> _AIM OF THE EXERCISE_
Give the lines below again exactly, starting with the line that holds "Image similar to" and going on through the line that holds "Jadakiss, who worked".

> _ENTRIES SUPPLIED_

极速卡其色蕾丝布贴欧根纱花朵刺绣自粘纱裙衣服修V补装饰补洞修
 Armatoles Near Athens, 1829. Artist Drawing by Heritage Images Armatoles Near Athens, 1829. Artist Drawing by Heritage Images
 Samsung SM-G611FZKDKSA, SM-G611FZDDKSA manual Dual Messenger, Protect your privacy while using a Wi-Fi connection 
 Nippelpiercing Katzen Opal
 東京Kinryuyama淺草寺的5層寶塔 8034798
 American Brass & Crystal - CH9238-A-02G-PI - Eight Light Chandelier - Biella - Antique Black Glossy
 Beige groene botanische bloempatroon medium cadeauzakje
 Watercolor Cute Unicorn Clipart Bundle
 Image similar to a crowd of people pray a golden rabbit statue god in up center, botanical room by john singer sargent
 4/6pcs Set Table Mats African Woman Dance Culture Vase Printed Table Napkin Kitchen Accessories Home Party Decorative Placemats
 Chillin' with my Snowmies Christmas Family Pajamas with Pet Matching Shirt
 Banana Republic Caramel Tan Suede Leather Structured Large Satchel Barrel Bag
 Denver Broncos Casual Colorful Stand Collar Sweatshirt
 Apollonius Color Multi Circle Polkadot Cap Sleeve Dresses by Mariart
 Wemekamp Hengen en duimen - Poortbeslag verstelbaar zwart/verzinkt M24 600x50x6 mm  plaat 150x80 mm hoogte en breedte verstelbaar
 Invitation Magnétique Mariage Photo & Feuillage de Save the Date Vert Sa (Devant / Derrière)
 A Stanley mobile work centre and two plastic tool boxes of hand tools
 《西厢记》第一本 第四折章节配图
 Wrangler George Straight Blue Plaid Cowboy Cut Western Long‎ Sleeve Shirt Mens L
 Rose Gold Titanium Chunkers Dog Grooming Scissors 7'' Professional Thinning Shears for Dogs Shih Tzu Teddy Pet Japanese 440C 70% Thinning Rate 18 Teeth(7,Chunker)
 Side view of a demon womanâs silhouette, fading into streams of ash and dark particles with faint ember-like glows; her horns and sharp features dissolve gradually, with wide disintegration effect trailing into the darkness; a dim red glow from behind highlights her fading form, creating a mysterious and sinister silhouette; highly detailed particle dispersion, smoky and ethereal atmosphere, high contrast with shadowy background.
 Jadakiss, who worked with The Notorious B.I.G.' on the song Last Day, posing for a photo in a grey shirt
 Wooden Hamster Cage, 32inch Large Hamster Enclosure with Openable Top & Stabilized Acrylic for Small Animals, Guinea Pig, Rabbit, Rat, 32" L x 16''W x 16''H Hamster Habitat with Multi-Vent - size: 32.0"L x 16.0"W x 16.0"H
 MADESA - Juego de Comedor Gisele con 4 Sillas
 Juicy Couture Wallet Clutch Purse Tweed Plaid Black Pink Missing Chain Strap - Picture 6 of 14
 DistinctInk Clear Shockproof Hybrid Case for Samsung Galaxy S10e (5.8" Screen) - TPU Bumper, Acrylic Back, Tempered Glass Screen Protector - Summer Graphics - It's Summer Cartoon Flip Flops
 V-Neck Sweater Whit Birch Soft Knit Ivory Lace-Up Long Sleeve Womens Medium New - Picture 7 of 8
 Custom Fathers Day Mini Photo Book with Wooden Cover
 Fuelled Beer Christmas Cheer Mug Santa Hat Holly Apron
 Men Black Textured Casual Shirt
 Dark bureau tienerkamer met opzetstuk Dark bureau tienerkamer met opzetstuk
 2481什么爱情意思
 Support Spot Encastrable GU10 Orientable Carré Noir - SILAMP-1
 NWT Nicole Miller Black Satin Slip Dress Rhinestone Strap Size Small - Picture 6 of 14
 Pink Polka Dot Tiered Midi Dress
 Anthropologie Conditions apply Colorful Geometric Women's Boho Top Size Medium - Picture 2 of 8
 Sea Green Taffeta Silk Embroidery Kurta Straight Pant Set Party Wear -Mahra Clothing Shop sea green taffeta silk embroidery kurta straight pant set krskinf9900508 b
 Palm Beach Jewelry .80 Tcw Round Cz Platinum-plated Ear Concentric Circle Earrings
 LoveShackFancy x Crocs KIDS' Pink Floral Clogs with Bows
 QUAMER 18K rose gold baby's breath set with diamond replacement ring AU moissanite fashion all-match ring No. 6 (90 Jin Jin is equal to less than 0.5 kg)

> _WRITTEN REPLY_
 Image similar to a crowd of people pray a golden rabbit statue god in up center, botanical room by john singer sargent
 4/6pcs Set Table Mats African Woman Dance Culture Vase Printed Table Napkin Kitchen Accessories Home Party Decorative Placemats
 Chillin' with my Snowmies Christmas Family Pajamas with Pet Matching Shirt
 Banana Republic Caramel Tan Suede Leather Structured Large Satchel Barrel Bag
 Denver Broncos Casual Colorful Stand Collar Sweatshirt
 Apollonius Color Multi Circle Polkadot Cap Sleeve Dresses by Mariart
 Wemekamp Hengen en duimen - Poortbeslag verstelbaar zwart/verzinkt M24 600x50x6 mm  plaat 150x80 mm hoogte en breedte verstelbaar
 Invitation Magnétique Mariage Photo & Feuillage de Save the Date Vert Sa (Devant / Derrière)
 A Stanley mobile work centre and two plastic tool boxes of hand tools
 《西厢记》第一本 第四折章节配图
 Wrangler George Straight Blue Plaid Cowboy Cut Western Long‎ Sleeve Shirt Mens L
 Rose Gold Titanium Chunkers Dog Grooming Scissors 7'' Professional Thinning Shears for Dogs Shih Tzu Teddy Pet Japanese 440C 70% Thinning Rate 18 Teeth(7,Chunker)
 Side view of a demon womanâs silhouette, fading into streams of ash and dark particles with faint ember-like glows; her horns and sharp features dissolve gradually, with wide disintegration effect trailing into the darkness; a dim red glow from behind highlights her fading form, creating a mysterious and sinister silhouette; highly detailed particle dispersion, smoky and ethereal atmosphere, high contrast with shadowy background.
 Jadakiss, who worked with The Notorious B.I.G.' on the song Last Day, posing for a photo in a grey shirt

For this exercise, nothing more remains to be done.